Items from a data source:
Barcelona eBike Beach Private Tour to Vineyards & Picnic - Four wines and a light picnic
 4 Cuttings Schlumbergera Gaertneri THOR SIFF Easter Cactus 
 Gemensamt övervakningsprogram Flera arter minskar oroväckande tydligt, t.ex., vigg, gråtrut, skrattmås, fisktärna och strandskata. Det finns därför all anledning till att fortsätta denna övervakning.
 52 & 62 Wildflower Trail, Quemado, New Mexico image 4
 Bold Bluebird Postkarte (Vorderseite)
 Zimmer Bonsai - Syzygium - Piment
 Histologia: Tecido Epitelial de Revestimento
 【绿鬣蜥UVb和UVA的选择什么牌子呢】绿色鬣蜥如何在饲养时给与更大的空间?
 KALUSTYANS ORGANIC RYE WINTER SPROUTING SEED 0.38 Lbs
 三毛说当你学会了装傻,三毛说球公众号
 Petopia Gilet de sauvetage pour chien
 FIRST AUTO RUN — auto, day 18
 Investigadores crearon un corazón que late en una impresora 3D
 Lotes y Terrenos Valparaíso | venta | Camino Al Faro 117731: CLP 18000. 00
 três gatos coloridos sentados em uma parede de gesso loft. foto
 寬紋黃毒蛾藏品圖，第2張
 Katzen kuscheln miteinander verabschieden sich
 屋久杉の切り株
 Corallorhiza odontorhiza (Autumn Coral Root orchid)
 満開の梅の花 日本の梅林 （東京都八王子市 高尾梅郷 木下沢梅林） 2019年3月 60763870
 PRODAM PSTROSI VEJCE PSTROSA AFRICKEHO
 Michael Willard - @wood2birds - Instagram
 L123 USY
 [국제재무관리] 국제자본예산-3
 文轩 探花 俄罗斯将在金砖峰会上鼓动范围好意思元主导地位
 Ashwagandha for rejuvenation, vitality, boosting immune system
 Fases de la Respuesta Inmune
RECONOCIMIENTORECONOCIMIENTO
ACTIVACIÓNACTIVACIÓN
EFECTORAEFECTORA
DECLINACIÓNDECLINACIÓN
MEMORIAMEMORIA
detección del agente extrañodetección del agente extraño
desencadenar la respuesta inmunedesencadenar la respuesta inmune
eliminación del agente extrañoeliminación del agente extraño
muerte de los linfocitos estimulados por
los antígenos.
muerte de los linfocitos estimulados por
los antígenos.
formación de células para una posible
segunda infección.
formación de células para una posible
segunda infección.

TASK PROMPT |
Repeat all the records. Match each line exactly.

ANSWER TO THIS PROBLEM |
Barcelona eBike Beach Private Tour to Vineyards & Picnic - Four wines and a light picnic
 4 Cuttings Schlumbergera Gaertneri THOR SIFF Easter Cactus 
 Gemensamt övervakningsprogram Flera arter minskar oroväckande tydligt, t.ex., vigg, gråtrut, skrattmås, fisktärna och strandskata. Det finns därför all anledning till att fortsätta denna övervakning.
 52 & 62 Wildflower Trail, Quemado, New Mexico image 4
 Bold Bluebird Postkarte (Vorderseite)
 Zimmer Bonsai - Syzygium - Piment
 Histologia: Tecido Epitelial de Revestimento
 【绿鬣蜥UVb和UVA的选择什么牌子呢】绿色鬣蜥如何在饲养时给与更大的空间?
 KALUSTYANS ORGANIC RYE WINTER SPROUTING SEED 0.38 Lbs
 三毛说当你学会了装傻,三毛说球公众号
 Petopia Gilet de sauvetage pour chien
 FIRST AUTO RUN — auto, day 18
 Investigadores crearon un corazón que late en una impresora 3D
 Lotes y Terrenos Valparaíso | venta | Camino Al Faro 117731: CLP 18000. 00
 três gatos coloridos sentados em uma parede de gesso loft. foto
 寬紋黃毒蛾藏品圖，第2張
 Katzen kuscheln miteinander verabschieden sich
 屋久杉の切り株
 Corallorhiza odontorhiza (Autumn Coral Root orchid)
 満開の梅の花 日本の梅林 （東京都八王子市 高尾梅郷 木下沢梅林） 2019年3月 60763870
 PRODAM PSTROSI VEJCE PSTROSA AFRICKEHO
 Michael Willard - @wood2birds - Instagram
 L123 USY
 [국제재무관리] 국제자본예산-3
 文轩 探花 俄罗斯将在金砖峰会上鼓动范围好意思元主导地位
 Ashwagandha for rejuvenation, vitality, boosting immune system
 Fases de la Respuesta Inmune
RECONOCIMIENTORECONOCIMIENTO
ACTIVACIÓNACTIVACIÓN
EFECTORAEFECTORA
DECLINACIÓNDECLINACIÓN
MEMORIAMEMORIA
detección del agente extrañodetección del agente extraño
desencadenar la respuesta inmunedesencadenar la respuesta inmune
eliminación del agente extrañoeliminación del agente extraño
muerte de los linfocitos estimulados por
los antígenos.
muerte de los linfocitos estimulados por
los antígenos.
formación de células para una posible
segunda infección.
formación de células para una posible
segunda infección.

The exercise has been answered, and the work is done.